_DIRECTIONS FOR THIS TASK_
Give all of the data below again exactly, and drop the images.

(Collected data)
Segment Open
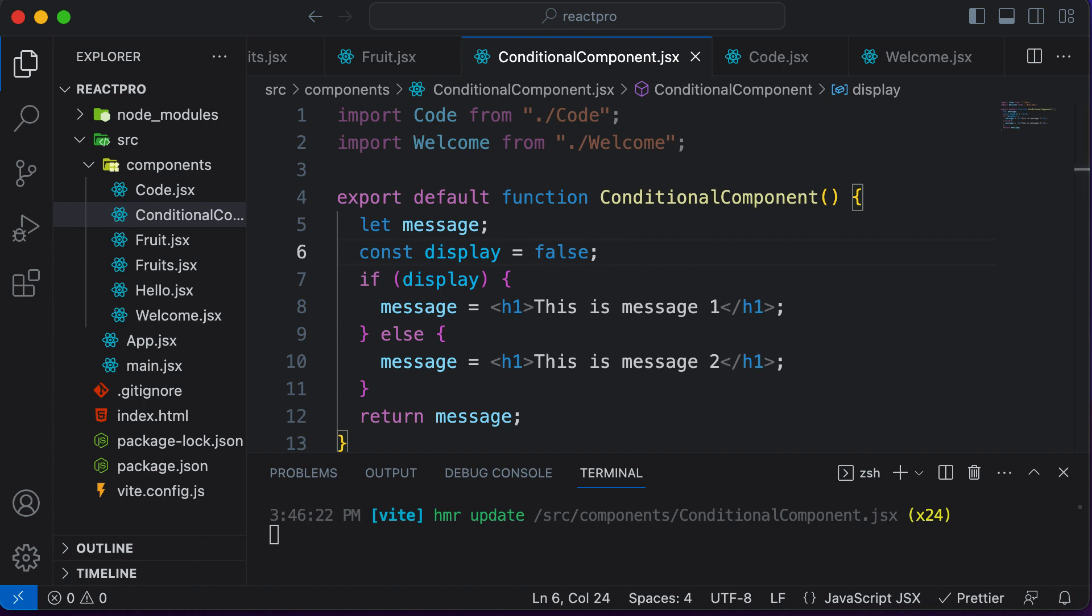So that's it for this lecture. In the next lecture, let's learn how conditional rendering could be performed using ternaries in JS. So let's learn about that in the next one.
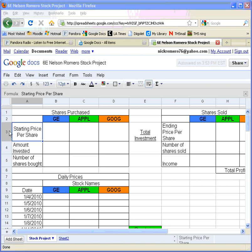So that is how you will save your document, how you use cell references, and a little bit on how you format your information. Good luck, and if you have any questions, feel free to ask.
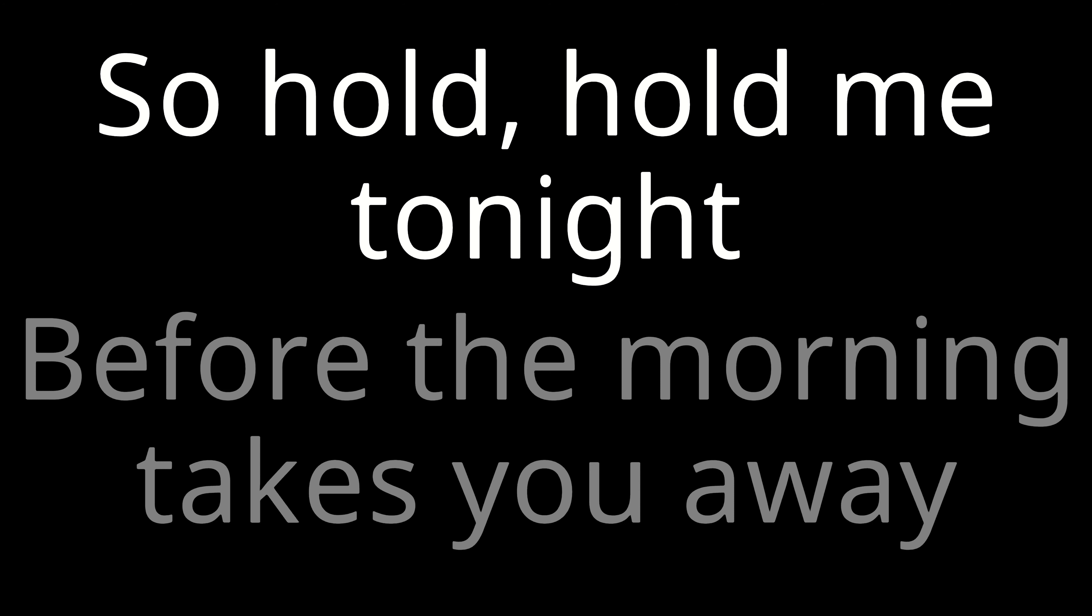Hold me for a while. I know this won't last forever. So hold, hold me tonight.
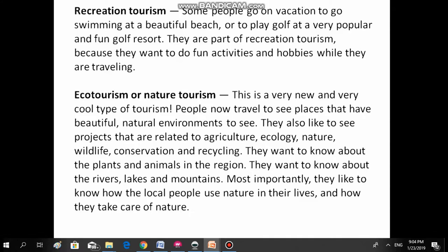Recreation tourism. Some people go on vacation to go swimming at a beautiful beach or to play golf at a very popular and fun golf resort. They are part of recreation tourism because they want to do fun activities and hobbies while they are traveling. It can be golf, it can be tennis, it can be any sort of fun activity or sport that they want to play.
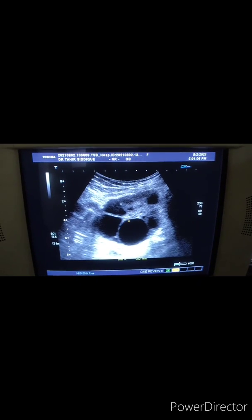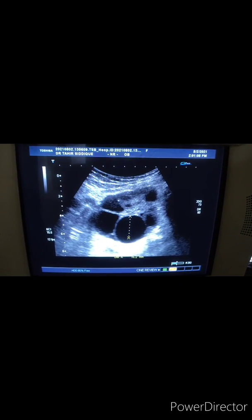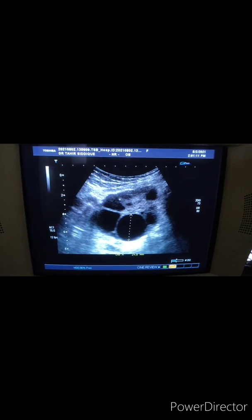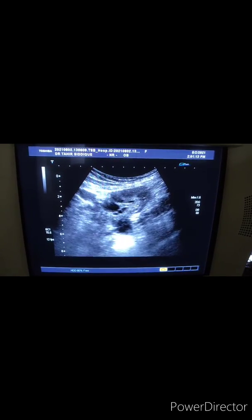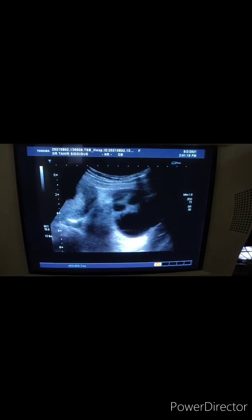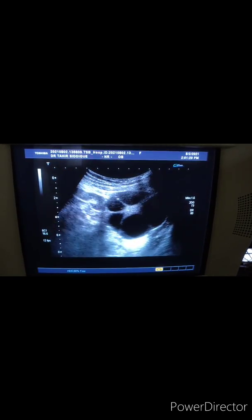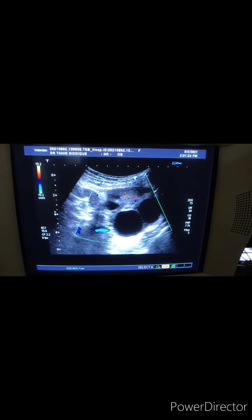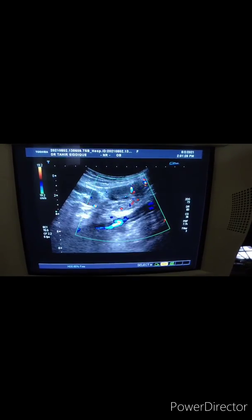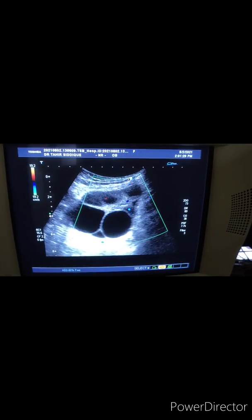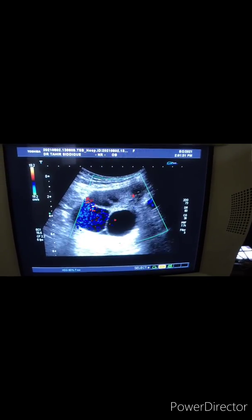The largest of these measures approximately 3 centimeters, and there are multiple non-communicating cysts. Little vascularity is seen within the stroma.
Segment Closed
_ANSWER_
So that's it for this lecture. In the next lecture, let's learn how conditional rendering could be performed using ternaries in JS. So let's learn about that in the next one.
So that is how you will save your document, how you use cell references, and a little bit on how you format your information. Good luck, and if you have any questions, feel free to ask.
Hold me for a while. I know this won't last forever. So hold, hold me tonight.
Recreation tourism. Some people go on vacation to go swimming at a beautiful beach or to play golf at a very popular and fun golf resort. They are part of recreation tourism because they want to do fun activities and hobbies while they are traveling. It can be golf, it can be tennis, it can be any sort of fun activity or sport that they want to play.
The largest of these measures approximately 3 centimeters, and there are multiple non-communicating cysts. Little vascularity is seen within the stroma.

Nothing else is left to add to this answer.